U.S. and British forces are capturing territory in southern and western Iraq, moving quickly to secure key military targets and oil fields.
Pentagon officials say American and British soldiers have captured two key airfields in western Iraq called H-2 and H-3 without encountering much resistance. Officials say the airfields could be sites where Iraq is keeping Scud missiles or weapons of mass destruction.
Coalition soldiers are encountering both hostile fire and white flags in their race across the desert toward Baghdad and Basra.
British soldiers have secured the Faw peninsula on the Persian Gulf, where strategic oil facilities are located. U.S. Marines have captured the strategic port in the southern Iraqi city of Umm Qasr. Hundreds of Iraqi soldiers have surrendered, while others have fired at advancing coalition troops.
U.S. military officials are reporting the first combat fatality of the war. They say a U.S. marine was killed in fighting during an advance on an oil field in southern Iraq.

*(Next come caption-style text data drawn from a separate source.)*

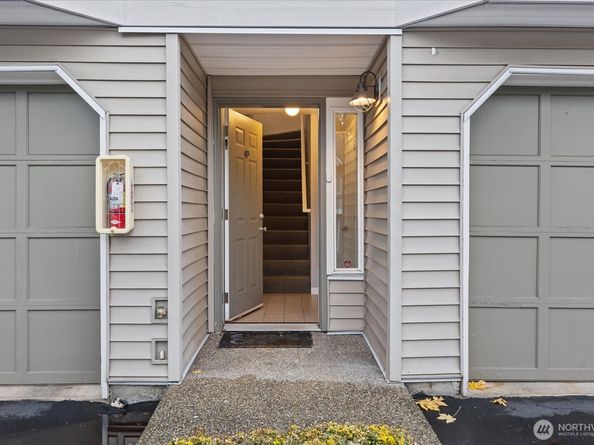 16101 Bothell Everett Highway J3, Mill Creek WA 98012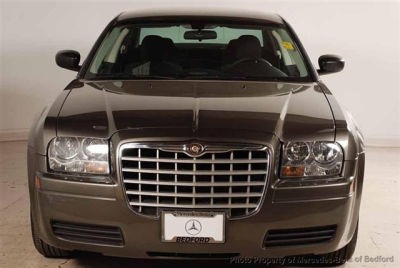 2009 Chrysler 300  LX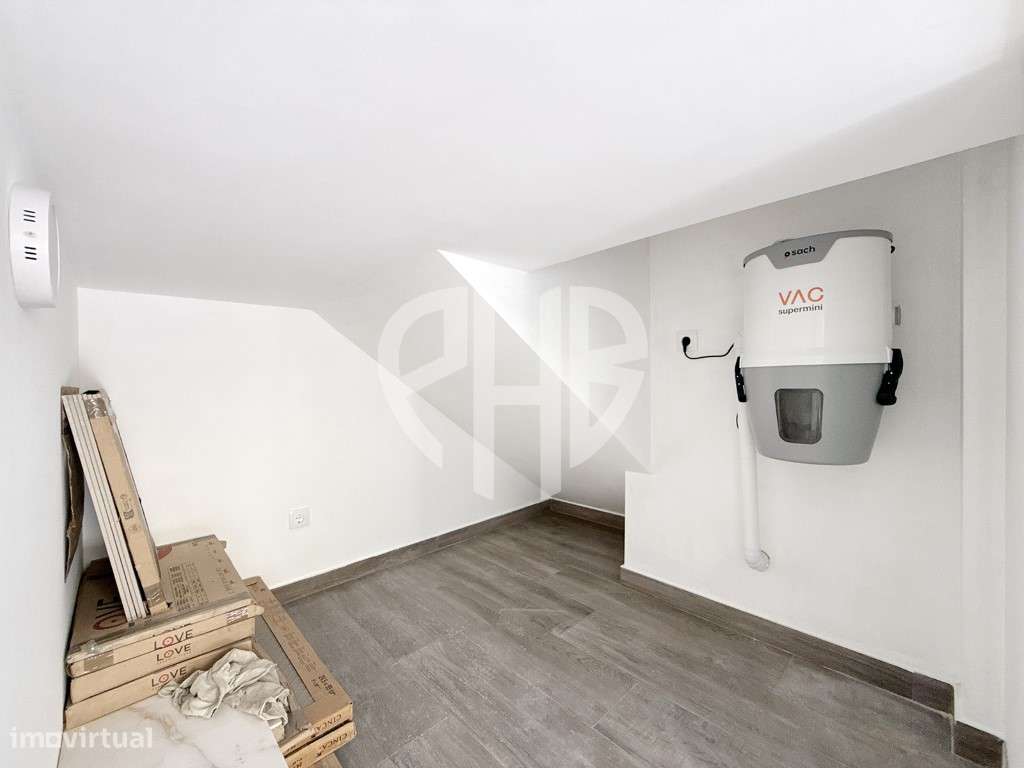 Moradia de Luxo T4 C/ Piscina e Box // Em Construção-53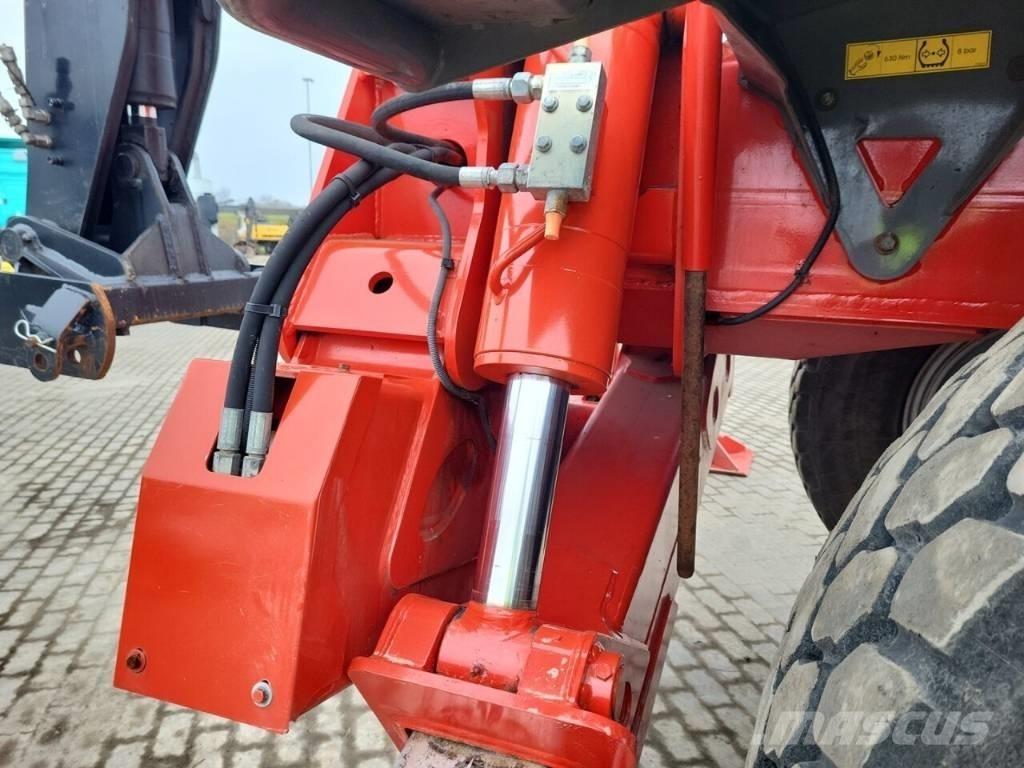 Manitou MRT3050 伸縮臂操作車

Earlier, eight British and four American soldiers were killed when a U.S. Marine helicopter crashed in northern Kuwait.
There were no reports of hostile fire in the area.
Pentagon officials are denying claims by the Iraqi military that its anti-aircraft batteries shot down a U.S. or British warplane during an air raid Friday.
Meanwhile, the Pentagon released a statement saying water could be used as a weapon in the Iraqi military arsenal. Defense officials say Iraq could deliberately use flooding by releasing water from reservoirs or destroying dams. The Pentagon says Iraq used this tactic to deter Iranian troop advances during the Iran-Iraq war.
Defense officials say such a move could displace thousands of Iraqis, causing a major humanitarian crisis.